# Silicone for sticking rocks together



## maverick2402 (Jul 5, 2005)

You can use an epoxy that comes in like a clay stick form that is made for aqauriums I use it in my cichlid tank for holding th erocks together.You have to be careful of some non aquarium safe silicones as the petroleum porducts in them could harm fish.


----------



## Keck (Jan 18, 2006)

Ill second the use of epoxy sticks. A lot easier to use than silicone and you can cure it in the water.

Just buy a good quality because I have bought some cheap stuff that was bad and wouldn’t mix or bond.


----------



## RoyalFizbin (Mar 7, 2006)

I've tried silicone to build a stone bridge for a turtle tank that i used to keep. I can tell you that the silicone wont hold up very well. The flexability is bad, you wan't something riggid like the epoxy

I don't recomend using silicone but if you insist on using it. 
I'm confident that the GE clear silicone will be aquarium safe even if it doesn't clearly indicate it. I've used it in the past and i've even used white GE kitchen and bath silicone before to repair a leak. I've never since had a leak or problems with mysterious deaths that i can atribute to that white silicone. It's been over 5 years. Covered up the white silicone with gravel and nobody can tell the difference.


----------



## Mori (Jul 23, 2003)

Thanks y'all!


----------



## noncentric (Apr 5, 2006)

Hi Mori, the *GE Silicone I 100% Silicone (Windows/Doors)* is safe for aquariums, even though it says that it's not on the label. Apparently, that statement began to be printed on this product only in the past year or so...for legal/liability reasons.

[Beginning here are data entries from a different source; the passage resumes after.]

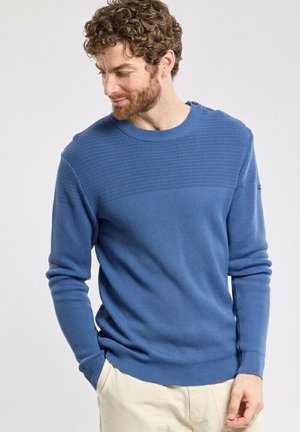 Pull en tricot bleu avec un design texturé horizontal sur la poitrine. Présente un col rond et des poignets et ourlet côtelés.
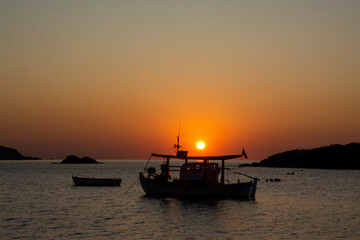 Boats in the calm sea at sunrise in Greece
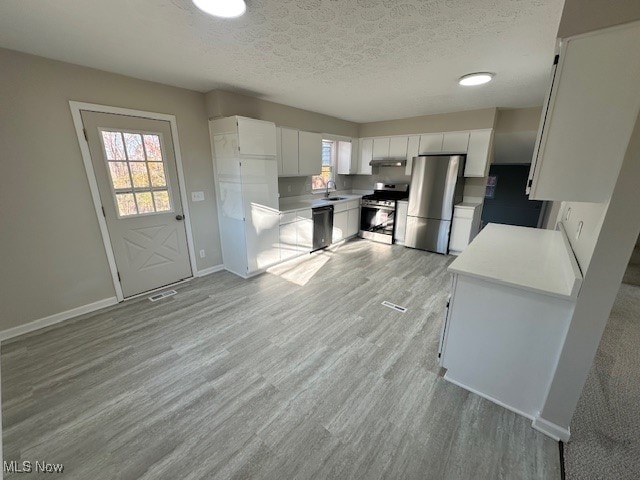 kitchen featuring a textured ceiling, white cabinets, stainless steel appliances, and light hardwood / wood-style floors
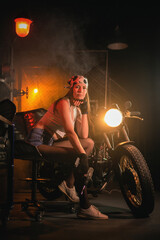 Plakat Girl with the repair tool near the old motorbike in the garage concept.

The "Windows & Doors" variety of this product is best, since it doesn't contain any anti-mildew or anti-fungus additives. The Kitchen/Bath product might contain such products, since mildew is an issue in these rooms. The additives used to prevent mildew/mold/fungus may have some adverse effects on fish, but maybe not...probably better to avoid any anti-... ingredients.


----------